Sometimes Todoroki dreams of the past. 

Midoriya lulls him back to sleep with soft touches and heavy nerdiness.

This is what “balancing the Force” looks like:

I wrote a 25-page paper on Star Wars arguing that “bringing balance to the Force” didn’t mean “the Jedi will be 100% in control” (and of course not the opposite) but bringing the two aspects of the Force into alignment, using Anakin as a case study. Brief recap of my paper:

  • EPISODE I
    • The Jedi literally don’t know that slavery still exists in the galaxy and are shocked when Shmi says “The Republic doesn’t exist out here… We must survive on our own.” So like… the fuck.

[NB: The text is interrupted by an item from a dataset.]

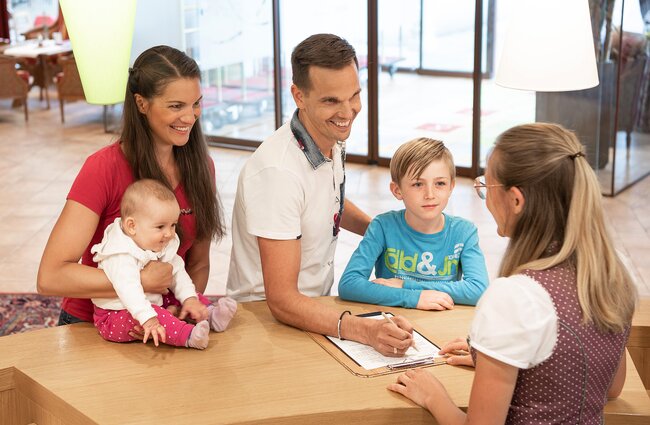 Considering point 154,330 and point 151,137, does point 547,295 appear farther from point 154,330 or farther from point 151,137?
point 151,137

    • Anakin asks Qui-Gon “Have you come to free us?” and Qui-Gon says “No, I’m afraid not,” to which Anakin replies, “Why else would you be here?” Here we can see the innocence and goodness in Anakin juxtaposed against the moral ambiguity of the Jedi. They’re there for repairs on their ship - nothing more, nothing less. Witnessing slavery does nothing to change those priorities.
    • The Jedi take a child away from his mother, and when Anakin is (rightfully) scared for his mom, who has been left in slavery, the Jedi are still like well, you know, ¯\_(ツ)_/¯, enforcing the laws against slavery seems kinda like a lot of work so we’re just not gonna get involved. That’s like… not quite what you would expect from the “Light” Side.

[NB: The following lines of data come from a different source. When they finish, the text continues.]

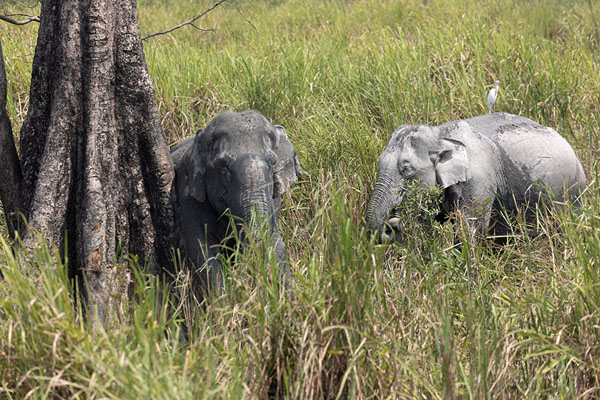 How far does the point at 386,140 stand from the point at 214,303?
106 inches

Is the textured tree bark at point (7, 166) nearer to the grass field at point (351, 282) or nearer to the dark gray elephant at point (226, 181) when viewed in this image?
the grass field at point (351, 282)

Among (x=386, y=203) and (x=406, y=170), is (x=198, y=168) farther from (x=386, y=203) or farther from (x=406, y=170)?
(x=406, y=170)

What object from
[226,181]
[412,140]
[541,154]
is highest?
[226,181]

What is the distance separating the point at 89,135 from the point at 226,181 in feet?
2.29

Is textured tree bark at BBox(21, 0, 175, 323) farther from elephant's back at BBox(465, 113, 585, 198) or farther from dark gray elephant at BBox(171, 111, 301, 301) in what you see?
elephant's back at BBox(465, 113, 585, 198)

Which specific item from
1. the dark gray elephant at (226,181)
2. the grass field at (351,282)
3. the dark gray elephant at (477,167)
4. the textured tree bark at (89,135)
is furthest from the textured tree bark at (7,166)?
the dark gray elephant at (477,167)

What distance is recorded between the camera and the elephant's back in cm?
498

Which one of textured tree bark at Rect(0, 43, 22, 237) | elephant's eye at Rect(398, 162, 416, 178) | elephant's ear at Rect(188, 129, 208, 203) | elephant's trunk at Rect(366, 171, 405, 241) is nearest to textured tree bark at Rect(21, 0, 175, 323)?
textured tree bark at Rect(0, 43, 22, 237)

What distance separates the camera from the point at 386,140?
5.62m

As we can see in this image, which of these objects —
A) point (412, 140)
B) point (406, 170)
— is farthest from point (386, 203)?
point (412, 140)

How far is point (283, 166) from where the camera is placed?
4.12 metres

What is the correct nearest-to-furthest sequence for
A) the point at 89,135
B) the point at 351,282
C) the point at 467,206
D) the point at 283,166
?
the point at 351,282
the point at 89,135
the point at 283,166
the point at 467,206

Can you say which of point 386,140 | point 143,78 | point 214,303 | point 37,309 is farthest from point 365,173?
point 37,309

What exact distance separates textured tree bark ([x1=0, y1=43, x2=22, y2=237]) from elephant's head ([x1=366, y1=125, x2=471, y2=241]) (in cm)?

    • Anakin is literally a child whose mother has been left in slavery and, understandably, he’s kind of freaked out. Instead of acknowledging Anakin’s pain as legitimate and working with him, the Jedi take an oppositional stance, telling Anakin that “Fear is the path to the dark side” - a phrase that was much more apt in the Original Trilogy than it is here, where Anakin is only nine, and his fears are 100% rational.
  • EPISODE II
    • Obi-Wan asks Anakin if he’s sleeping poorly because of his mom, Anakin basically admits yes, and Obi-Wan says “Dreams pass in time.” Uh, Obi-Wan, I’m sure you have good intentions and all, but the problem isn’t in the dream world. Anakin’s dreams are a reflection of the actual, legitimate, very real danger his mother is in, and Obi-Wan’s response only dismisses Anakin’s fear and drives him further away from the Jedi Council. And, again, the Jedi could have fixed this entire situation by either rescuing his mother or actually trying to stop slavery instead of just paying lip service to the idea.

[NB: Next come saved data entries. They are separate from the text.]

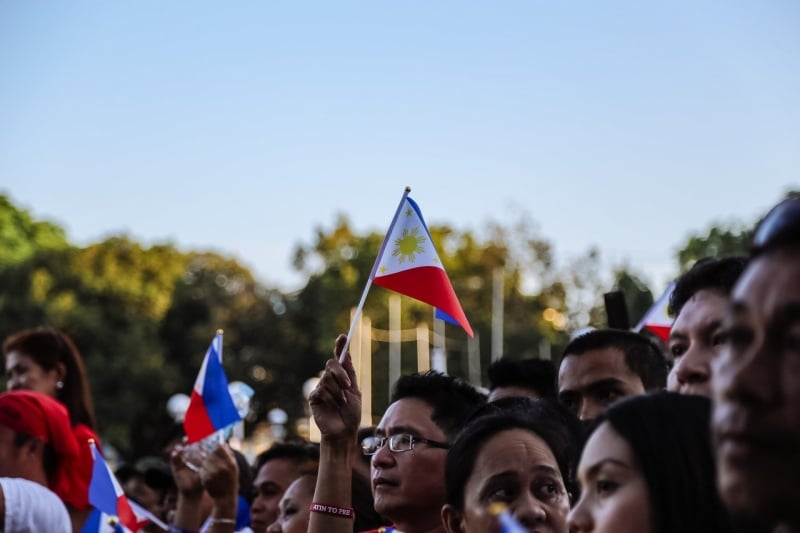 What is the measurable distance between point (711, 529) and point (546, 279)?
52404mm

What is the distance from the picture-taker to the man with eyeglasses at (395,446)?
408 cm

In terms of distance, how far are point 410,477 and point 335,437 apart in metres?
0.42

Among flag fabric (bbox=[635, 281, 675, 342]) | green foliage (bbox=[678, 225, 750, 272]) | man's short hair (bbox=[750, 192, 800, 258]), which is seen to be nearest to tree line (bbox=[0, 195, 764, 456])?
green foliage (bbox=[678, 225, 750, 272])

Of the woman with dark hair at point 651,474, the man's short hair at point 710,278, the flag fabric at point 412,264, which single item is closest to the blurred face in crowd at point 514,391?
the flag fabric at point 412,264

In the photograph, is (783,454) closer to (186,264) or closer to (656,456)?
(656,456)

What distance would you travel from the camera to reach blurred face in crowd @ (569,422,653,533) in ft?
7.27

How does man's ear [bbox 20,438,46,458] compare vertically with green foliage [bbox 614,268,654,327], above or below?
above

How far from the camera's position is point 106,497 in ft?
18.8

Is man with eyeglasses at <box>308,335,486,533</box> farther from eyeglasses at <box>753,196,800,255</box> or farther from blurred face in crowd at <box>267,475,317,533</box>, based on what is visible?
eyeglasses at <box>753,196,800,255</box>

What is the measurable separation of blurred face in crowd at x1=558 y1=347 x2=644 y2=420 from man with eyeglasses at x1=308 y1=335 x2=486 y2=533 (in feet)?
1.87

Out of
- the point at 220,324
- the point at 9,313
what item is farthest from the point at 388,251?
the point at 220,324

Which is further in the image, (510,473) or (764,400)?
(510,473)

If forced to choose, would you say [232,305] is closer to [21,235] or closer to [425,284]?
[21,235]

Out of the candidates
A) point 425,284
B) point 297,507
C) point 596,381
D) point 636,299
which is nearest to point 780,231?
point 425,284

    • Anakin and Padmé fall in love, and Padmé is like “yo is this, like, allowed to happen for you??” and Anakin says “Attachment is forbidden. Possession is forbidden. Compassion, which I would define as unconditional love, is central to a Jedi’s life, so you might say we’re encouraged to love.” So… Taking a woman’s child so he can fulfill their prophecy and leaving that woman alone and enslaved on a desert planet is compassionate behavior now? Right. Sounds fake, but okay. Also, Anakin is literally pointing out the hypocrisy in that statement - so you can love humanity and people, but you can’t love a person? That’s super weird.
      • Falling in love is like… not really something you can help? Especially not the first time. Just, you know, speaking as the classic lesbian who has fallen for a straight best friend… just saying “don’t do that” is not really going to help. At all.
    • At this point, the Jedi have created a situation where if Anakin falls in love (as he is wont to do as a literal teenager who was not brought up in the Jedi Order of his own volition), he has to keep that love secret or a) risk expulsion from the Jedi and b) prove them “right” that he can’t be trusted. Which, you know, nobody wants to do.
    • Padmé tells him that he “had a nightmare again last night,” and Anakin says, “Jedi don’t have nightmares.” Yo, what the fuck. This kid is a teenager, his mom is on a desert planet and enslaved, and now he feels like he’s not even allowed to have nightmares? Which are not conscious? I get that the Jedi are supposed to have total control over themselves, but first of all, that’s a completely unrealistic expectation to have of anyone, much less a teenager, and second of all, that’s a real fucked up thing to imply on a mental health level. “You’re guilty, even for the pain that your brain is inflicting on you from childhood trauma in situations (i.e., unconsciousness) that you can’t even control!” Yeah, no. There is no way that could possibly go well. 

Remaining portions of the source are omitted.